A few months back my mother gifted me two hankies that belonged to my paternal grandmother. One is cream with matching coloured embroidery around the edges, and the second is a light yellow with the same design of embroidery around each side in a lavender colour.
For the longest time, I had no idea what I might do with these hankies. But recently, as I have been researching for my literature review, I came to the conclusion that the hankies might be able to a provide movable element for the quilt. This would enable the quilt to -importantly- address/reflect the constantly shifting/evolving aspects of intersectionality fundamental to thinking about present day ‘feministing’, as well as shifting understandings of what constitutes contemporary craft.
Symbolically the quilt is monogramed because that’s what I remember when I think of many of my grandmother’s belongings; the initials monogramed however I decided should be my own.
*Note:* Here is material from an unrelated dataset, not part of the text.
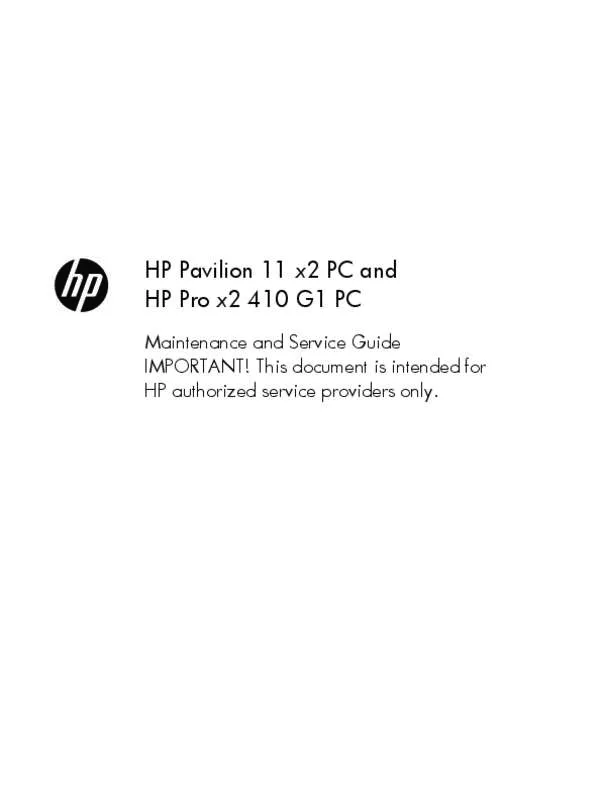 Mode d'emploi HP PRO X2 410 G1 (H6Q33EA)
The typographic font I chose for it’s similarity to that of many posters of the 1970s – the decade where my research begins – and I completed the work in neon thread to symbolize my contemporary revisiting of the 70s font.
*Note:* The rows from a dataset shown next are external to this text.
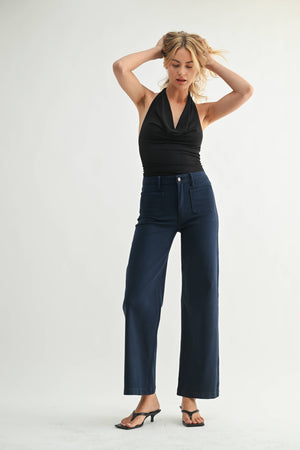 NAVY  Pants - Mini Patch Pocket Wide Leg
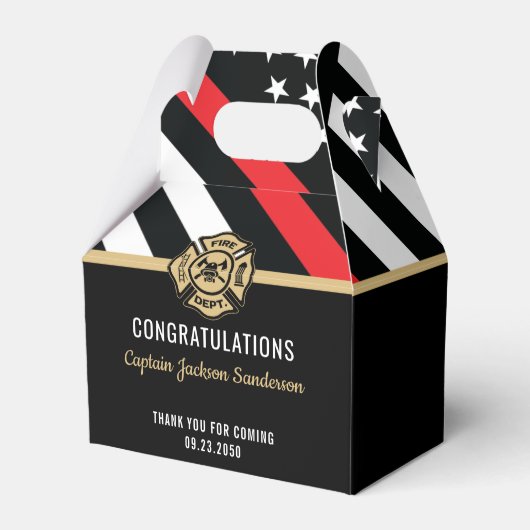 Vlaggen van brandweermannen Rood lijnvliegen Bedankdoosjes (Voorkant Zijde)
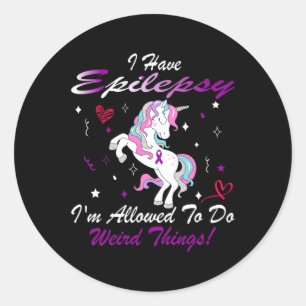 Funny Epilepsy Awareness Unicorn Purple I Have Epi Classic Round Sticker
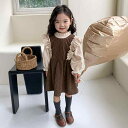 ワンピース キッズ 女の子 秋 コーデュロイ ジャンパースカート 長袖 ブラウス 韓国ファッション 2点セット ポリエステル 子供服 ブラウン イエロー 普段使...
On the underside of the hankie I have sewn eight clear snaps so that the finished element can be attached, rotated or removed from the work. Finally, I realized that the snaps on the hankie may not only speak to some complex theoretical elements of feminism, but that it also solved the main symbolic problem that it may otherwise have created. If my initials had been fixed to one corner of the quilt, it would have created a proper way-up, and I created the quilt in the shape of a revolving triangle (meaning that the images in the pattern block face any which way) so that it has not hierarchical structure.
I’m feeling really excited this week as the readings contained within this quilt review continue to deepen.